The test case that is used for the benchmark simulations is the 1-day long run with January 2012 initial conditions. The reference simulation can be created using following commands:
./create_newcase --compset UFS_S2S --res C384_t025 --case ufs.s2s.c384_t025.jan --driver nuopc --run-unsupported
cd ufs.s2s.c384_t025.jan/
./case.setup
./xmlchange DOUT_S=FALSE
./xmlchange STOP_N=1
./xmlchange RUN_REFDATE=2012-01-01
./xmlchange RUN_STARTDATE=2012-01-01
./xmlchange JOB_WALLCLOCK_TIME=00:30:00
qcmd -- ./case.build
# Edit user_nl_cice and add following line to use correct ice initial condition.

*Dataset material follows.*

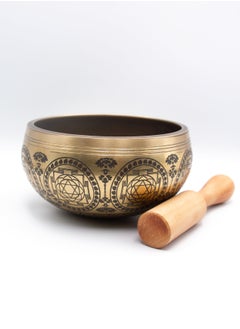 Alpine Crystals UAE Authentic Himalayan Bodhisattva Singing Bowl Single Set Golden Design Handcrafted in Nepal (623 grams) Includes Traditional Wooden Striker  - Image 4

ice_ic = "$ENV{UGCSINPUTPATH}/cice5_model.res_2012010100.nc"
./case.submit
For example, to create test with different PE Layout configuration (A100_WR50 run in the benchmark tables):
# The following commands doubles number of used PETs for the ATM component
./xmlchange NTASKS_CPL=648
./xmlchange NTASKS_ATM=648
./xmlchange NTASKS_OCN=360
./xmlchange NTASKS_ICE=360
./xmlchange ROOTPE_CPL=0
./xmlchange ROOTPE_ATM=0
./xmlchange ROOTPE_OCN=648
./xmlchange ROOTPE_ICE=1008
# Add following line to user_nl_fv3gfs (in the case directory) to increase used IO tasks %50
write_tasks_per_group = 72
The CIME (Common Infrastructure for Modeling the Earth) calculates and modifies the FV3GFS layout namelist parameter (input.nml) automatically.